Other highlights include Grab Singapore’s ambition and new strategy to become South East Asia’s “super app”, moving beyond ride service – working with third party partners, bringing in games, news, content and beyond.

Nothing new here in terms of business direction, but what’s not cool is that it looks an awful lot like its Indonesian equivalent Go-jek.

I just got back from Singapore on Monday and still hearing about the discontent of the Uber-Grab merger and decided to be more mindful about ride fees – it’s a good $3-$4 more than if you just flagged down a taxi.


These were buzz words during the three day event and many discussions over how experiences and retail environments can be tailored according to AI and Data.

All of this will help create better UX, UI and more intuitive design, naturally enabling brands and businesses to sell better as they learn more about consumer habits, preferences, ultimately optimising all the information to drive sales, readership traffic or building relevant funnels. Data today is a goldmine that informs marketing and strategic decisions.

Issues of privacy and tipped in favour of the consumer/user’s perogative – wechat was way ahead of the game with this years ago when they launched their brand pages.

Meitu’s CEO Wu Xinhong demonstrates “Using AI in the search for beauty”



There was a whole stage devoted to conversations around this – I unfortunately couldn’t divide myself between so many places. Robots, AI and Data makes us question the role of humans in the future.

“Tech has replaced creative talent” was a discussion held with Tim Kobe (Eight Inc), Yali Saaar (Tailor Brands), moderated by Chen Wu (The Economist) with a 50-50 poll result. I personally don’t think that machines that replace creative problem solving, we can use data and AI to inform strategy and the implementation of these ideas, but at the core of it, the human emotion and intuition can never be replaced… or who knows in the future!


This was a topic that was also recurrently. Loved the panel “What’s the future of advertising?” with Mollie Spilman (Criteo), Richard Ting (R/GA Media Group Inc) moderated by Richard Lai (Engadget Chinese).

VR in a separate panel “Can we cure tech addiction?”  was linked to teaching empathy, which I found oddly wrong with how tech has made us less human and less connected as social beings, and relying on VR to learn empathy is sad.

I see how as a tool in this day and age and moving forward it, VR can create the false reality and prompt empathy with situational and circumstantial awareness, but I don’t think it’s something that can be taught, much less replace human interaction.

Tech was described as “slot machine of attention” liken it very much to casinos and the addiction of gambling to salt or sugar  – tech affects us all at a psychological level. It is insidious and slow moving.

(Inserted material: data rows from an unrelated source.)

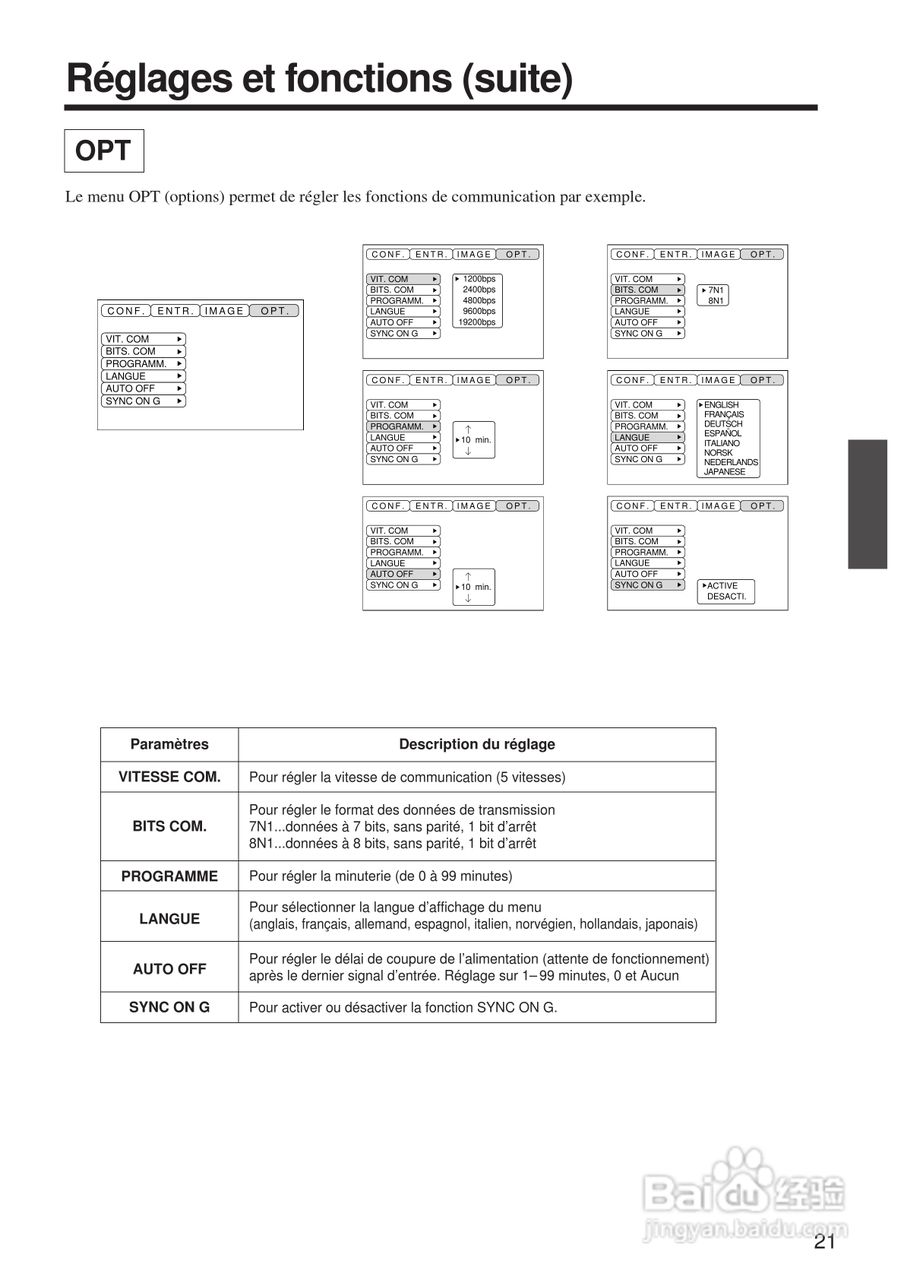 日立 CP-X970W投影机说明书:[10]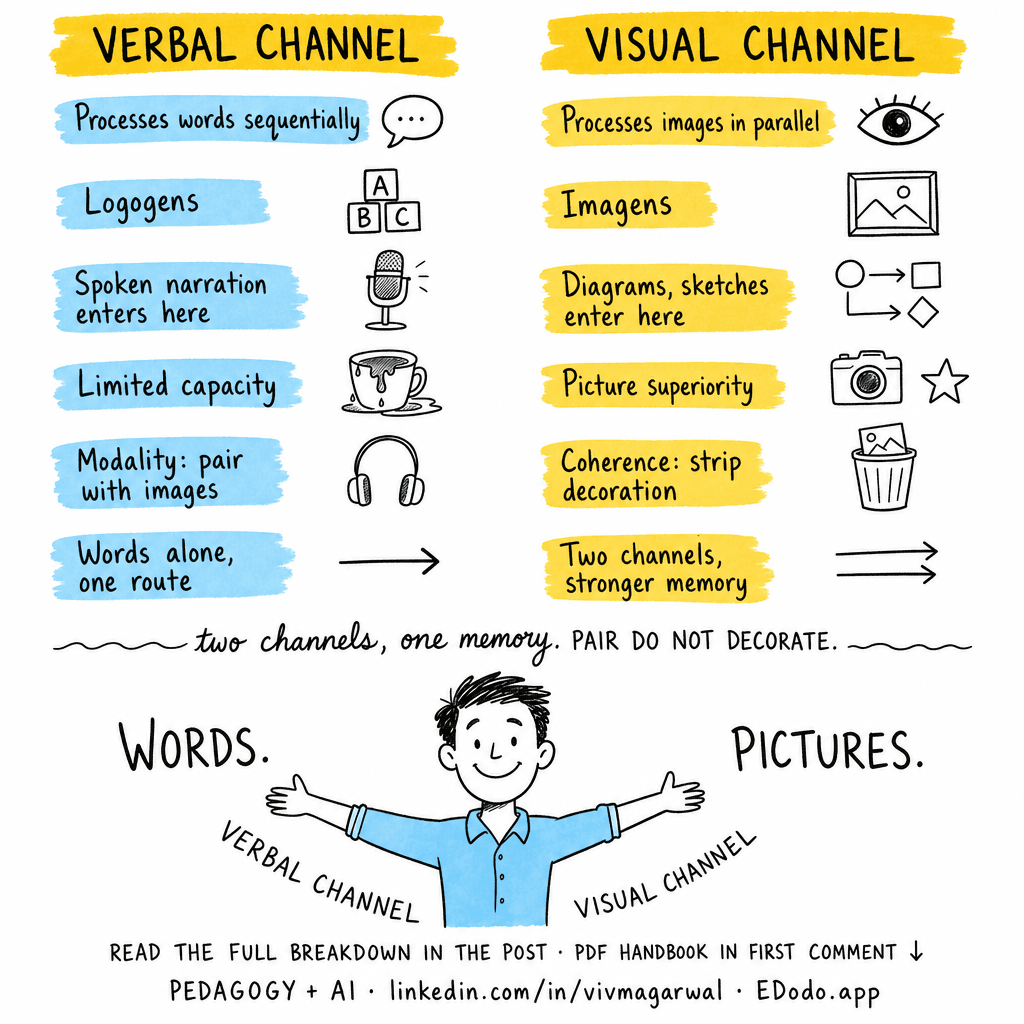 Dual Coding Theory — sketchnote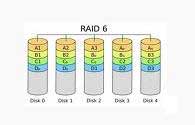 RAID6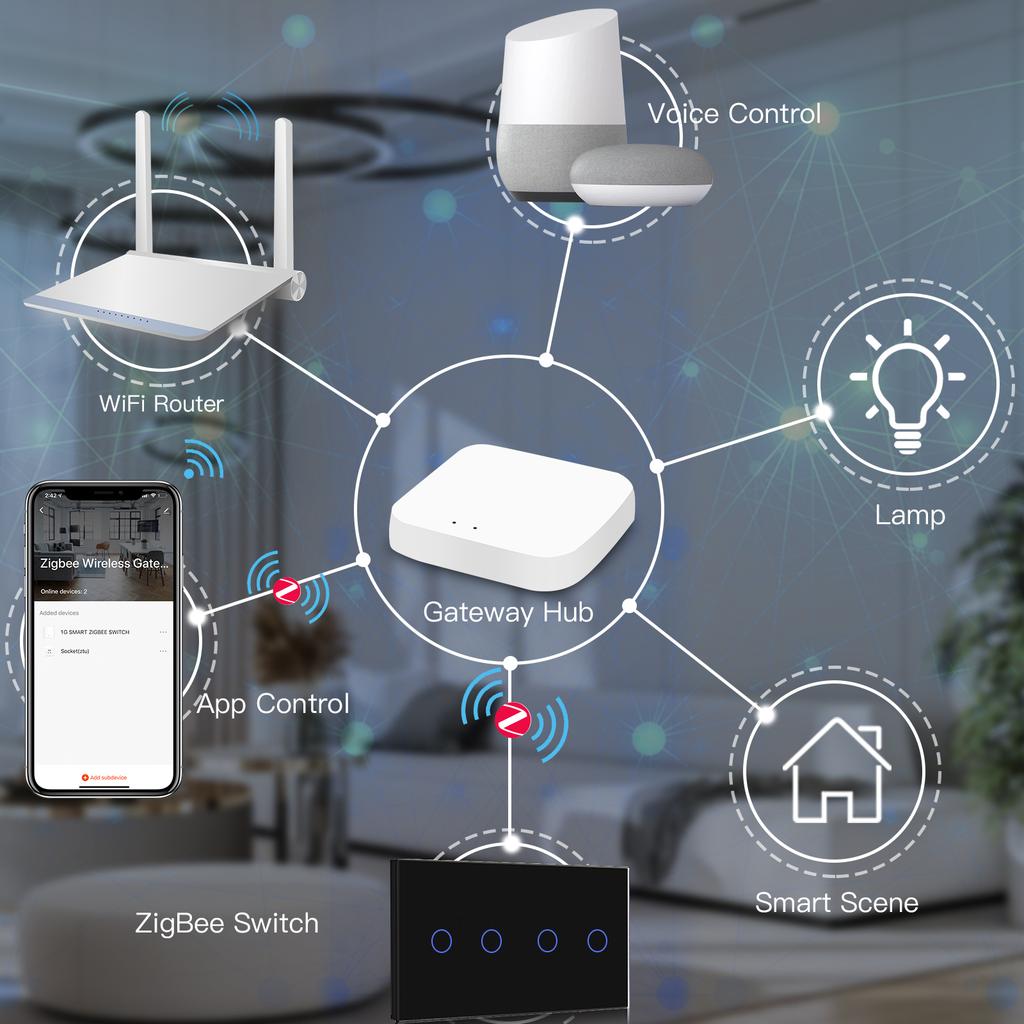 BSEED Zigbee 1/2/3Gang Wall Touch Switches With Normal EU Socket USB Type-C Ports Tuya Smart Life App Ccontrol Glass Panel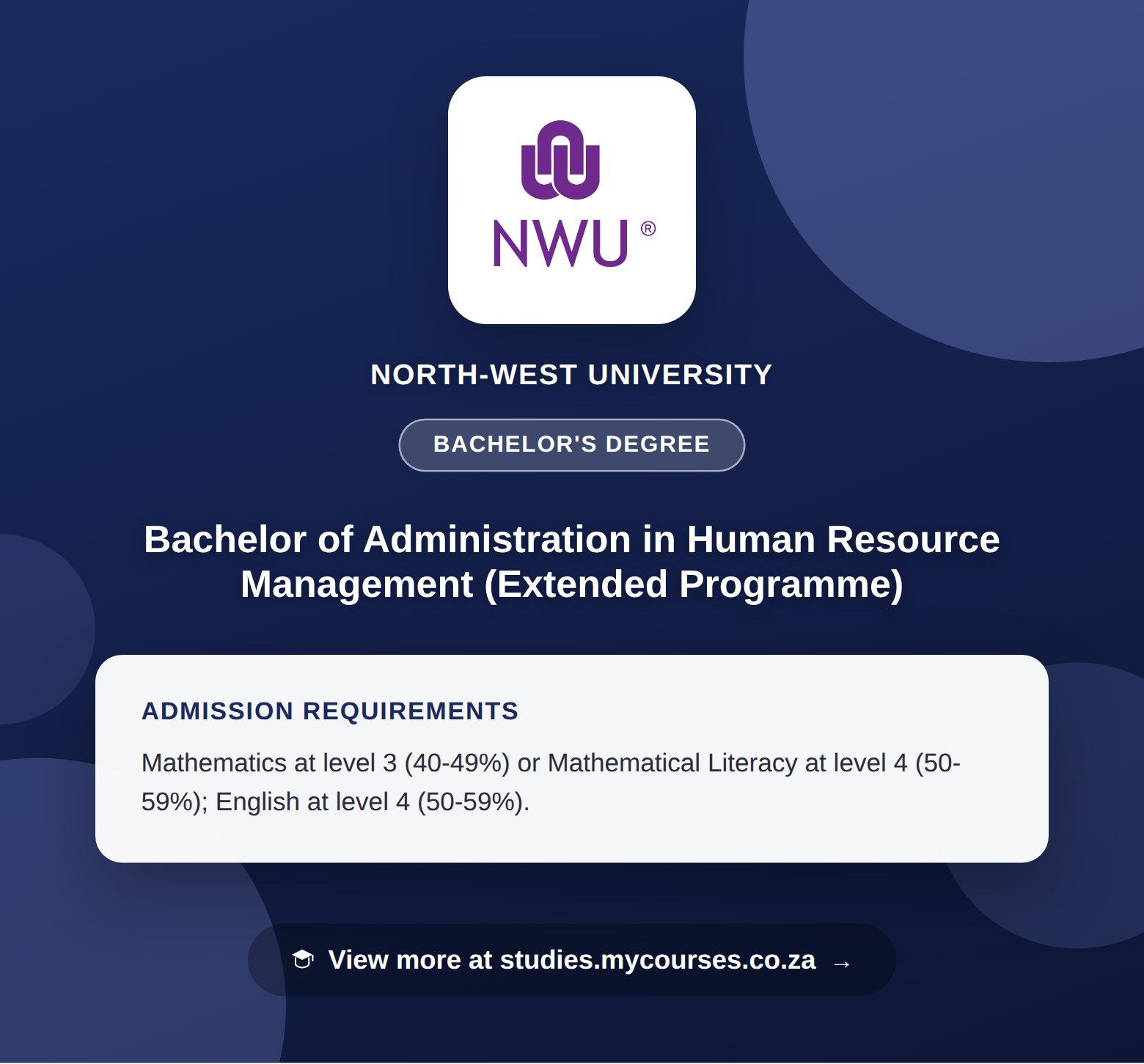 Poster showing admission requirements for the Bachelor of Administration in Human Resource Management (Extended Programme) bachelor's degree at North-West University, with a link to studies.mycourses.co.za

AR however, I see how it enhances a retail environment, the eg given is if you’re going to buy a 5000$ sofa, you’d like to see how it’s going to look in your living room. Or how FMCG brand like L’oreal has used the technology to enhance its brand experience with AR with the Modiface app acquisition  Internationally.

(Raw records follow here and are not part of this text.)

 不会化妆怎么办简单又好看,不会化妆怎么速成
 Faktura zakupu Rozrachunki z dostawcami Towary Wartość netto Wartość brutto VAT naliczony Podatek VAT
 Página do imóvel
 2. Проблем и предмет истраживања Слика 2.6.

This is still a relatively new arena and Richard Ting of R/GA media mentioned it’ll probably be in his children’s generation that it would really take off.

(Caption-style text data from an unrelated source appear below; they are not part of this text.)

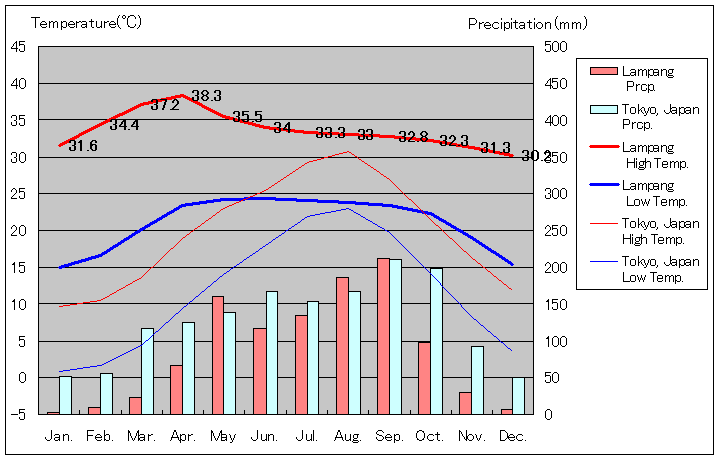 Lampang Temperature Graph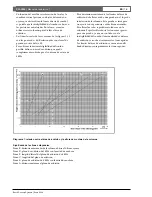 Предварительный просмотр 78 страницы Bosch LBC3200 Installation Manual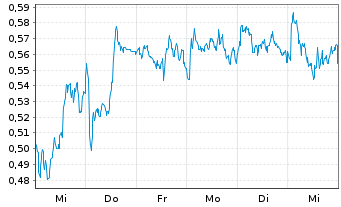 Chart Mini Future Long British American Tobacco - 1 semaine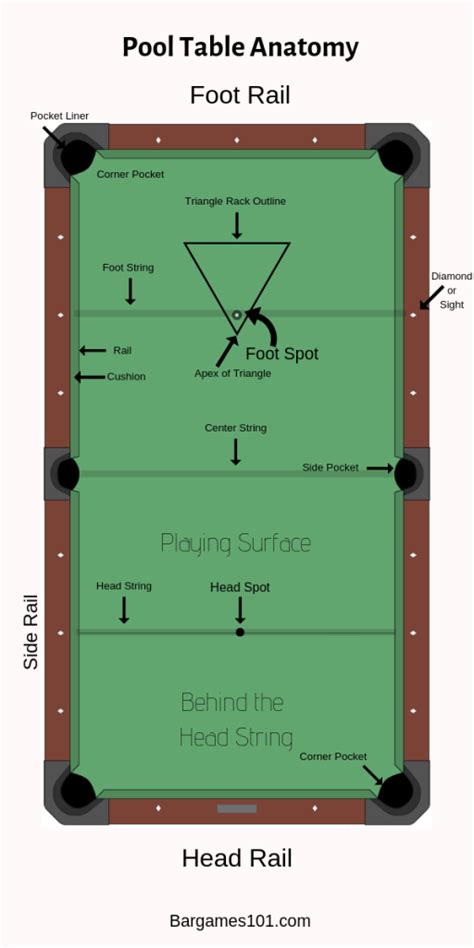 Pool Table Anatomy: An Overview of Pool Table Parts and Layout | Mesas de billar modernas ...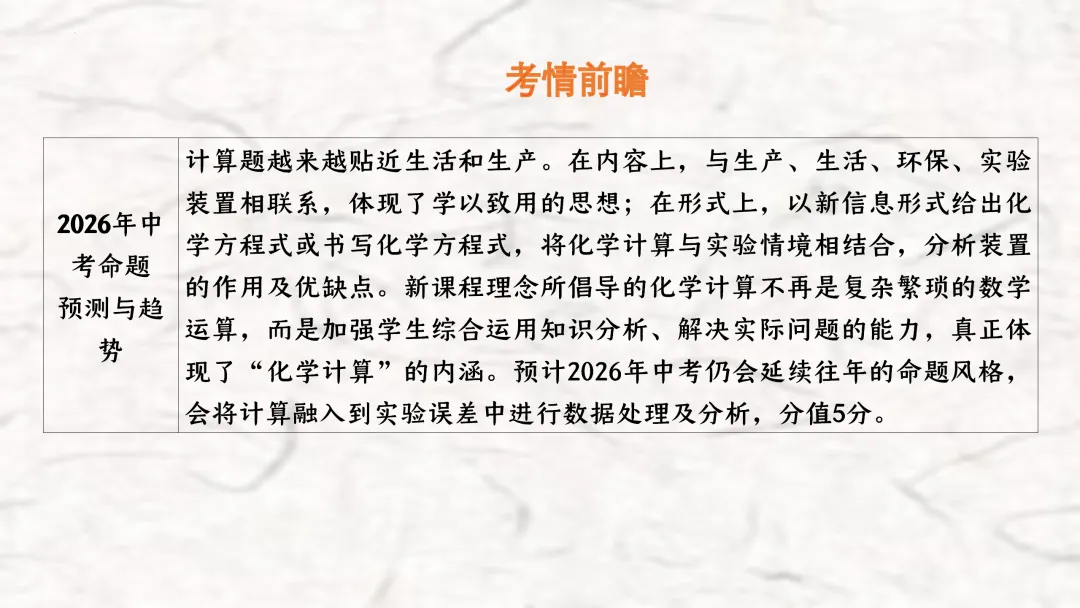 F696 一轮复习 备战中考2026 优质课资源包 初中化学《专题复习---化学计算》课件PPT+教学设计Word 第4张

Alexa voice control has been the new thing in households lately, but hasn’t exactly seen rapid traction as yet. We’re still a mobile/tactile generation of consumers and haven’t quite adapted to voice just yet.


Sogou’s CEO Wang Xiaochuan demonstrated the new developments in the Sougou universe “The next frontier of Artificial Intelligence” with smart speakers, translations technology where language barriers can be broken down using AI and voice recognition and the cadence of one’s speech patterns. Sogou’s new developments have pretty much taken predictive input and responses to a whole new level – making full use of AI.


Fabulous presentation by CEO Peter Lipka of Improbable exploring the possibilities of tech and the opportunities in the gaming arena. He calls gaming : Meaningful Complexity and likens it to chess. Interactive role playing games and the rich possibilities on how an online game like Minecraft has found itself retail possibilities offline from lego to merchandises.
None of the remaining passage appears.